וּמַאן דְּאָסַר – אָמַר לָךְ: שְׂדֵה אֲחוּזָּה הֶקְדֵּשׁ הִיא, וְרַחֲמָנָא אוֹקְמֵיהּ אַפִּדְיוֹן. הָכָא – הַלְוָאָה הִיא וּמִיחֲזֵי כְּרִבִּית.
Et celui qui interdit cet arrangement aurait pu te dire que la halakha concernant un champ ancestral traite de bien consacré, et le Miséricordieux a établi pour lui un rachat, sur la base duquel les Sages ont fixé le rachat complet. Ici, en revanche, il s’agit d’un prêt et, par conséquent, cela a l’apparence de l’intérêt.

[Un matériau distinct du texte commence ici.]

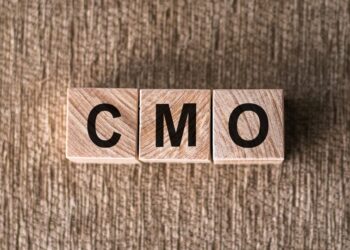 WSO2 names Thibaut Rouffineau as Chief Marketing Officer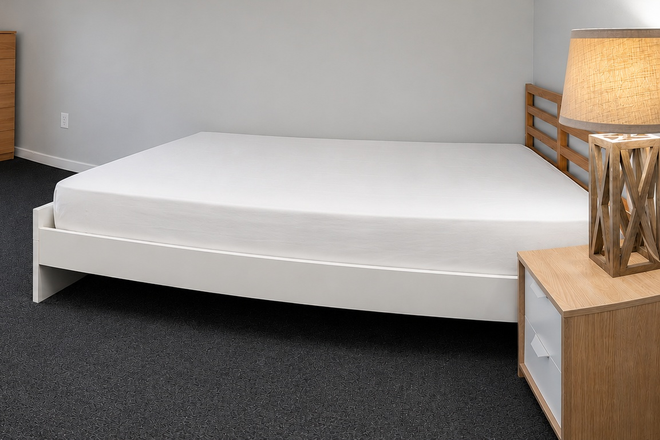 bedroom - Fully furnished large bedroom in newly renovated 4 bedroom 2 bathroom apartment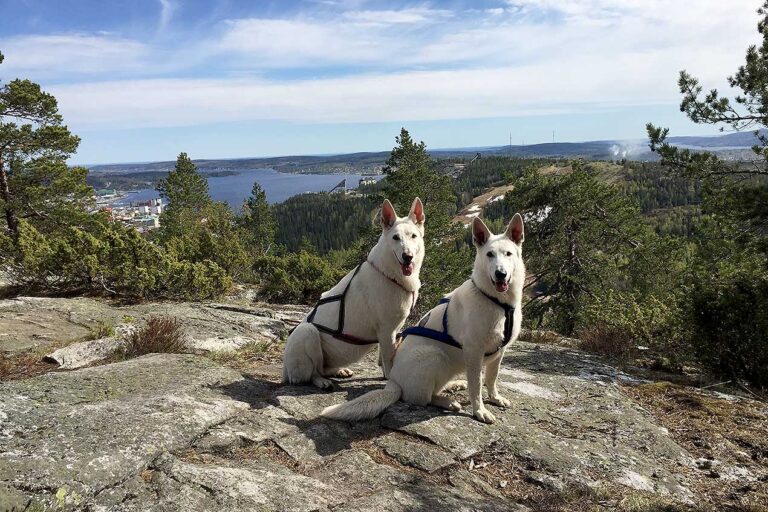 Läs mer om artikeln 320: Tillsammans (142/365)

אָמַר רַב אָשֵׁי: אֲמַרוּ לִי סָבֵי דְּמָתָא מַחְסֵיָא: סְתַם מַשְׁכַּנְתָּא – שַׁתָּא. לְמַאי נָפְקָא מִינַּהּ? דְּאִי אָכֵיל לַהּ שַׁתָּא – מָצֵי מְסַלֵּק לֵיהּ, וְאִי לָא – לָא מָצֵי מְסַלֵּק לֵיהּ.
Rav Ashi a dit : Les anciens de la ville de Mata Meḥasya m’ont dit : Une hypothèque non spécifiée [mashkanta] est pour un an. La Guemara pose une question : Quelle est la différence pratique résultant de cette décision ? La Guemara explique : Cela signifie que si le prêteur a consommé ses fruits pendant un an, l’emprunteur peut alors l’évincer ; mais sinon, l’emprunteur ne peut pas encore l’évincer, car une hypothèque non spécifiée ne dure pas moins que cette période.

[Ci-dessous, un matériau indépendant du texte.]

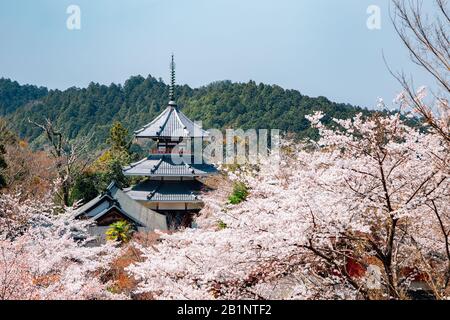 Temple de Yoshino Mountain Kinpusen-ji avec des cerisiers en fleurs printanières à Nara, au Japon Banque D'Images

וְאָמַר רַב אָשֵׁי: אֲמַרוּ לִי סָבֵי דְּמָתָא מַחְסֵיָא, מַאי ״מַשְׁכַּנְתָּא״ – דִּשְׁכוּנָה גַּבֵּיהּ. לְמַאי נָפְקָא מִינַּהּ? לְדִינָא דְּבַר מִצְרָא.
Et Rav Ashi a dit : Les anciens de Mata Meḥasya m'ont dit : Quelle est la signification du mot mashkanta ? Cela fait référence au fait qu'elle réside [shekhuna] avec lui. La Guemara demande de nouveau : Quelle est la différence pratique résultant de sa déclaration ? La Guemara répond : Cela est pertinent pour la halakha de celui dont le champ est limitrophe du champ de son voisin. Puisque le champ hypothéqué réside avec lui, il est considéré comme sa propriété dans une certaine mesure, et il lui est donc accordé le droit d'acheter un champ voisin avant qu'une partie extérieure ne le fasse.
אָמַר רָבָא: לֵית הִלְכְתָא לָא כְּטַרְשֵׁי פַּפּוּנָאֵי, וְלָא כִּשְׁטָרֵי מָחוֹזְנָאֵי, וְלָא כַּחֲכִירֵי נַרְשָׁאֵי.
Rava a dit : La halakha n’est pas conforme à ceux qui approuvent l’accord d’intérêt tacite de Rav Pappa, ni conforme à ceux qui approuvent les documents de Meḥoza, ni conforme à ceux qui approuvent les locations de Neresh.
כְּטַרְשֵׁי פַּפּוּנָאֵי – כְּטַרְשֵׁי דְּרַב פָּפָּא.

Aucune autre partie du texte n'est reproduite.